Mr. Magorium (Dustin Hoffman) is the 243 year-old proprietor of the strangest, most wonderful toy store in the world. His Wonder Emporium is a fantastical toy haven where everything, including the store itself, comes to life. Amidst this cavalcade of marvels, Mr. Magorium suddenly announces he will hand over the reigns of his magical store to his reluctant young manager, Molly Mahoney (Natalie Portman). As a youngster Molly was a gifted and acclaimed concert pianist. Now in her twenties she feels lost, struggling to compose the great symphony she was once expected to write, her self-confidence withering away. As a sceptical accountant named Henry (Jason Bateman) arrives to audit the store, the emporium throws a temper tantrum, losing its all its colour and sparkle, while the playful toys turn quiet and grey. Only Molly and Henry can revive the emporium, with the aid of a lonely, but resourceful little boy (Zach Mills).
A charming confection, right from its brightly coloured opening credits, Mr. Magorium’s Wonder Emporium arrives bursting at the seams with off-kilter ideas and could go on to become a children’s classic. Debut director Zach Helm (who wrote the similarly oddball, Stranger than Fiction (2006)) doesn’t always imbue the narrative with enough oomph, but his screenplay tackles surprisingly weighty themes including death, wasted lives, self-belief, and the twenty-something malaise. What at first seems to be the slightest of plots, proves to be a clever and original series of set-pieces adopting the structure of a child’s pop-up storybook. Refreshingly free of crassness and cynicism, it is a brave family film that actually believes in hope and innocence and features no villains whatsoever. It reminds one of Hayao Miyazaki’s masterly Kiki’s Delivery Service (1989), which tells a similar tale of a young woman’s rite of passage, discovering magic within herself.
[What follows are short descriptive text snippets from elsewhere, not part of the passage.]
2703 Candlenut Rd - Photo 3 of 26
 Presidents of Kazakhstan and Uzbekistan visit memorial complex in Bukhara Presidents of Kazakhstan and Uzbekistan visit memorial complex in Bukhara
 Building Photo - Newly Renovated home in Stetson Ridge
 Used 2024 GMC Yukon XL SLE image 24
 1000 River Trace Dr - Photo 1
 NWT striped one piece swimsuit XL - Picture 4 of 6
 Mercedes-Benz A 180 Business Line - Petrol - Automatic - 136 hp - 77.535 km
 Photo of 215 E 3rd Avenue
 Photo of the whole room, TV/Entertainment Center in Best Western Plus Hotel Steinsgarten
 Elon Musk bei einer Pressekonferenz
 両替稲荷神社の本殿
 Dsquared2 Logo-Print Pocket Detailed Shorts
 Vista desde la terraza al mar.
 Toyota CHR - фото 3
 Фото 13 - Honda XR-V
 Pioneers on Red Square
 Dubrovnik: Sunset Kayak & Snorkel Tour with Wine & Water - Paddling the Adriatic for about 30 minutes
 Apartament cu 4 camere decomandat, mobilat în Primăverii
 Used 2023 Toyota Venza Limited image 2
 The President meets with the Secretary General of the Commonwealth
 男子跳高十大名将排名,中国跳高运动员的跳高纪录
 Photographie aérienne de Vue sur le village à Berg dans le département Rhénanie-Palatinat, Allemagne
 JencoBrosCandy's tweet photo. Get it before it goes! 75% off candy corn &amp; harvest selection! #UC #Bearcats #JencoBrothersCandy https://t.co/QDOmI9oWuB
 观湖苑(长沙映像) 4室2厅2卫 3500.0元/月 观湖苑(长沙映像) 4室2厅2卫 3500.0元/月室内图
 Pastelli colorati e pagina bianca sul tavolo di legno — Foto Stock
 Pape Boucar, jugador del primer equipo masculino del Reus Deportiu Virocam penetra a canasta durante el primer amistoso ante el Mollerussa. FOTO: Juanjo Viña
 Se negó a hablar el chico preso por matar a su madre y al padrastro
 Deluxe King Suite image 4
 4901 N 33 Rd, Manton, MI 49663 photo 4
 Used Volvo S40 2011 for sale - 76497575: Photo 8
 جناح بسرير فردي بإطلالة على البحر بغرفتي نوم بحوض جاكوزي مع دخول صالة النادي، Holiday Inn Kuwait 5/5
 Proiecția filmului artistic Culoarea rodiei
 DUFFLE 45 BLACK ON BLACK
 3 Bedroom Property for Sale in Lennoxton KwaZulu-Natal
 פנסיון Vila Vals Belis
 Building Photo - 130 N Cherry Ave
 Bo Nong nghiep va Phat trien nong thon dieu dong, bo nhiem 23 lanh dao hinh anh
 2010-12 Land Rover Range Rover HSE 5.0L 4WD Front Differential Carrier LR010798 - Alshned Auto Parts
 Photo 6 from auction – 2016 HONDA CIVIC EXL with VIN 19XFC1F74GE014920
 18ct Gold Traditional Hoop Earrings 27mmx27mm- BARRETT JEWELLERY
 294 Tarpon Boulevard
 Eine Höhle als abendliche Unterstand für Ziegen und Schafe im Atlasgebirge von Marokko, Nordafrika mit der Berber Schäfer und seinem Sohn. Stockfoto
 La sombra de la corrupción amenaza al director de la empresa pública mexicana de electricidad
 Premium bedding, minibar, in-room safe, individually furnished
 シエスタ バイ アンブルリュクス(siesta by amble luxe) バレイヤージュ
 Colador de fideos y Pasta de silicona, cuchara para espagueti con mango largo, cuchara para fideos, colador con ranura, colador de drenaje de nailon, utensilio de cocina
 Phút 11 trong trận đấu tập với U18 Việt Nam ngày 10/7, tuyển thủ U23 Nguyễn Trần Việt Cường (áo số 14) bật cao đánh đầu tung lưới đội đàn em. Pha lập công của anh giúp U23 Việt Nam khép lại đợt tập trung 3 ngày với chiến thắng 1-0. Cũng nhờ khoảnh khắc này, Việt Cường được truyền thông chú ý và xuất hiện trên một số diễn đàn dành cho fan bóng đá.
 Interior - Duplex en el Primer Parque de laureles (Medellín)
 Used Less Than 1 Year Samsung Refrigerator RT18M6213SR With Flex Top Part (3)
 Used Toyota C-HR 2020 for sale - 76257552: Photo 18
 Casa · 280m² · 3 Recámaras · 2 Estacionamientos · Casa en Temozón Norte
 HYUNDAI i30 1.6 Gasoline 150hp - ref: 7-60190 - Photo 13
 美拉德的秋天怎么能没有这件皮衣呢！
Children drawn to conflict/action-based movies might grow impatient and reach for their Transformers DVDs, but grown-ups and youngsters who persevere will find much to savour. Among its delights: a cameo from Kermit the Frog, a sock monkey that wants to be hugged, wild zebras and toy dinosaurs running amok, and Natalie Portman conducting a symphony of magic (and briefly transforming into a stop-motion puppet).
The movie boasts sprightly performances from Dustin Hoffman, mimicking comic actor Ed Wynn, whom you may remember from Mary Poppins (1964), and the ever-adorable Natalie Portman, channelling a young Julie Andrews. Newcomer Zach Mills shows promise, although the film denies us a satisfactory pay-off to his long search for acceptance. Jason Bateman does very well with a stock kids’ movie character: the disbeliever. Yet refreshingly, Henry’s sceptical, conservative demeanour never reduce him to a bad guy. Bateman displays some agreeably Monty Pythonesque lunacy in a scene where he pretends to be a medieval peasant.
But this is Hoffman and Portman’s show, two actors who can do so much with a gesture or a glance, and they spark brilliantly off each other. There is a clear affection evident in their characters’ easygoing banter. Molly leading Magorium through his perfect, final day on this earth and the moment the old man bids farewell to his beloved toy store, are incredibly emotional scenes liable to leave you teary-eyed. Though uncertain direction leaves it lagging in pep, the movie overflows with fun, wonder and heart. An effects whizzed-up tribute to the children’s films of yesteryear, Mr. Magorium’s Wonder Emporium is a wonderful place to be.